Nature of Immutable: Another similar characteristic of RDD / DataFrame is that it cannot be changed once it is created. But one can apply the transformation to transform the RDD / DataFrame.

Advantage of DataFrames

1. This supports many various languages, such as Java, Scala, R, Python, which is useful in terms of API Support. The API support for multiple languages helps in working with many programming languages.

2. A wide range of data sources and formats are supported by DataFrame, which helps a lot to use a different source of data and their format conveniently.

3. One of the best parts about DataFrame is that it can even handle Petabytes of data, which is a remarkable ability to handle such massive data.

4. Apache Spark quickly understands the schema of DataFrame with the observation in Spark DataFrame.
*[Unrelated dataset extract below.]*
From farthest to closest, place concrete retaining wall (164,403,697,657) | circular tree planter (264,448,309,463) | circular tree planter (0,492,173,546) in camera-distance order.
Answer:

Under named columns, the Spark DataFrame’s Observation is organized. In this way, the plan of queries execution is optimized.

5. Massive Volume of Semi-structured and Structured Data can be quickly processed because it is designed to do it DataFrames.

Apache Spark Setup

Apache Spark should be set up in the machine before it can be started to use for DataFrame Operations. Data can be operated with the support of DataFrame as it supports various DataFrame Operations. Here we are going to discuss some common DataFrame’ operations.

The creation of SparkContext is the first step in the programming of Apache. For the execution of operations in a cluster, there is a requirement of SparkContext. How to access a cluster is told by SparkContext. It also shows the Spark about the location to obtain a cluster.

Read: Deep Learning Frameworks

Then the Apache Cluster connection is established. Its creation is already done if one is using Spark Shell. The other way, configuration setting, can be provided, initialized, and imported for creation of the SparkContext.

One can use this code for the creation:

from pyspark import SparkContext

sc = SparkContext()

DataFrame Creation from CSV file

A new library has to be specified in the shell of python so that the CSV file can be read. To do this, the first step is to download the latest version of the Spark-CSV package and do the extraction of the package in the Spark’s Home Directory. After that, we will open the shell of PySpark, and the package has to be included.

$ ./bin/pyspark –packages com.databricks:spark-csv_2.10:1.3.0

Now the DataFrame will be created after the data has been read from the CSV file.

train = sqlContext.load(source=”com.databricks.spark.csv”, path = ‘PATH/train.csv’, header = True,inferSchema = True)

test = sqlContext.load(source=”com.databricks.spark.csv”, path = ‘PATH/test-comb.csv’, header = True,inferSchema = True)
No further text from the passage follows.